I would also like to share my thoughts with all of you, first, as Olivia’s brother, and second, on behalf of my mother and father, who would have been overjoyed, and relieved, to give his daughter’s hand to Nelson, a dear friend of mine, a fun and witty companion to be around, and a generous, dependable, compassionate, and intellectually curious young man whom I am truly proud to call “my brother-in-law.” Please let me begin by honoring the memory of my father, who cannot be with us today. Dedicating his adult life to his family, my father had taught us that the word “dedication” is not merely a noun, but it rather should be a verb. Dedication, indeed, is a lot of work. Dedication is taking us to restaurants, beaches, and botanical gardens; dedication is making sure his loved ones do not have to work as hard as he did; dedication is leaving for work in the wee hours, and returning when the kids have already gone to bed. Dedication gives love its concrete definitions.

Nelson and Olivia, I know love brought you two together, and since the early days at 245 Hyland Avenue in Ames, Iowa, your dedication to each other has flourished into a life-long project. Today marks the beginning—I am sure—of an ever-growing “to do” list. Maybe one day, I don’t know, you two will have children. You will worry about school, health, college fund, and how to help them navigate through the adventures of life. One day—yes, the forces of impermanence will not spare anybody, as Lord Buddha reminds us in the Three Marks of Existence—your beloved cat Mol and both of you will grow old, become weak and ill, and you will have to work very hard to take care of him and each other. I am not saying this to daunt you, of course not, as I know both of you are well prepared to undertake this project, and in its course, find happiness together. You will also work to bring the best out of each other. Despite the challenges, our two families will assist both of you to the best of our abilities, and so will many guests here, your good friends and relatives, even those from afar, such as all those who have already contributed to this beautiful wedding in ways big and small.

Now I wish to conclude by citing Sigmund Freud, my favorite thinker of all time. Once he was asked what he thought a normal person should be able to do well. Freud’s answer was not as complicated as we might expect.
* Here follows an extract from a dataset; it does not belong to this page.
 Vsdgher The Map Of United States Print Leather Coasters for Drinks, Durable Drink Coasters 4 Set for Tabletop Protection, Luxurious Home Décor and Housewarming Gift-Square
He is reported to have said, “Lieben und arbeiten,” or, in English, “to love and to work.” He later elaborated in his book Civilization and Its Discontents by saying, “the communal life of human beings had […] a two-fold foundation: the compulsion to work, which was created by external necessity, and the power of love.” Nelson and Olivia, I am afraid I cannot offer you better words than those of the Viennese doctor. I hope they will inspire you two in your common future, “lieben und arbeiten,” “aimer et travailler,” “戀愛與工作,” or, “to love and to work.” Thank you.